Things changed quite a bit after TNG with the start of Voyager and Deep Space 9, two programs that began after Roddenberry’s death. Many Trekkies believe this was a good thing, as they believe that Roddenberry would have hated what they did to his brain-child. DS9 especially would have irked him, as the show highlighted the corruption and dark underbelly of the Federation, showing them to be far from the perfect utopia Roddenberry had wanted. Both programs showed their respective main characters getting their hands dirty to do whatever they had to for what was right. This would have annoyed the man who legitimately made a rule during the first season of TNG stating that none of the main characters would enter into conflict themselves.

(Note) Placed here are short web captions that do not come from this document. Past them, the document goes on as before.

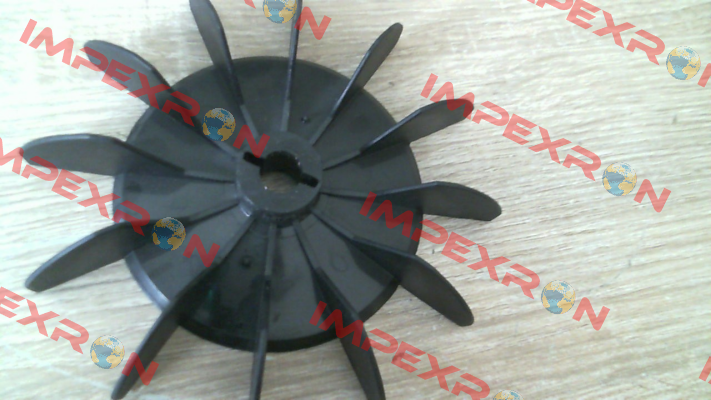 Fan for MADP71B2/4 LAIPPLE KEB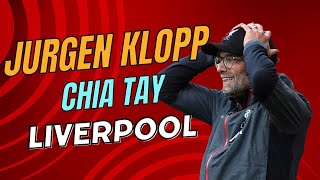 HLV Jurgen Klopp bất ngờ chia tay Liverpool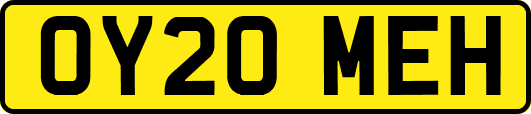 OY20MEH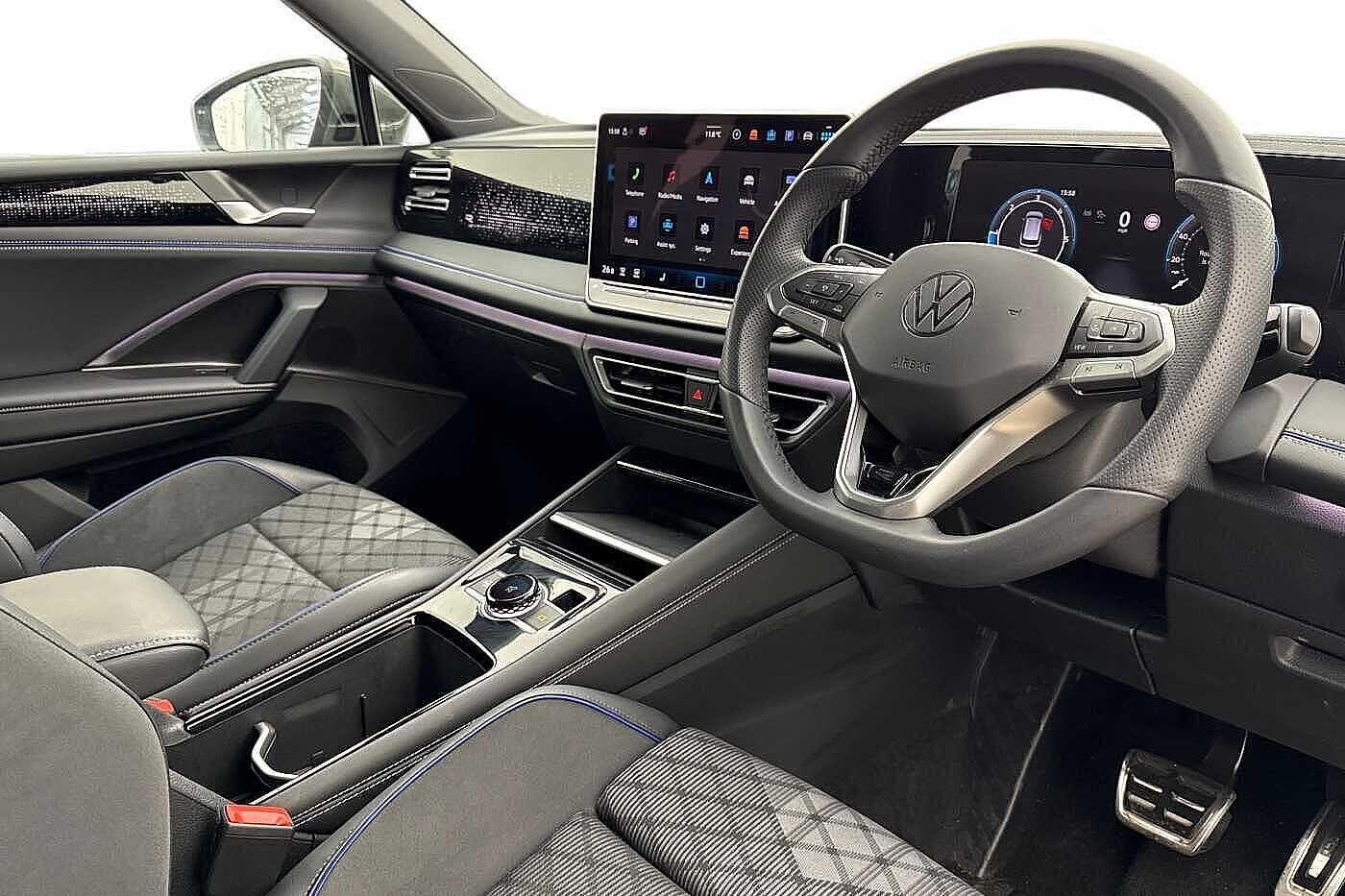 Used Volkswagen Tiguan 2025 for sale - 78079095: Photo 6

This continues into the very modern iterations into the franchise, with Picard,Strange New Worlds, and most importantly Star Trek: Discovery, a show filled with the gritty realism the other shows fail to fully portray. It shows a petty humanity, one of humans who have failed and who are struggling to survive a violent universe, who rely more so on luck than they do technological or societal advancements. While, according to fans, the show did get better, it is still tarnished by its first season, which was at heart a story of war and mediocre action sequences. Roddenberry wanted the Federation to be what everyone in the universe should strive to be. In his vision, conflict and issues arose from those not “advanced” enough to adopt humanity's new values, not the idea that the Federation was potentially as bad as anyone else, or that it really is human to err.

While it’s easy to state the many reasons why Roddenberry would have disliked modern day Star Trek, it’s not quite fair to say they don’t still uphold his original vision for the show. As Roddenberry became less and less involved with the shows, they changed in order to survive and appeal to mainstream audiences. In a lot of cases, this meant that they veered away from substance and relied more on action. But at their heart, every Star Trek series has focused on the philosophy of kindness. Every series has contained valuable life lessons about doing the right thing no matter the cost. Roddenberry's vision is present within them all, each and every time a moment of empathy or kindness is shown, from choosing not to fire at a supposed enemy, to sacrificing oneself to save soundless others. It is perhaps not that the humans of the future are perfect like Roddenberry wanted, rather, that they continue to try to be — a lesson that humanity can learn well before the 24th century.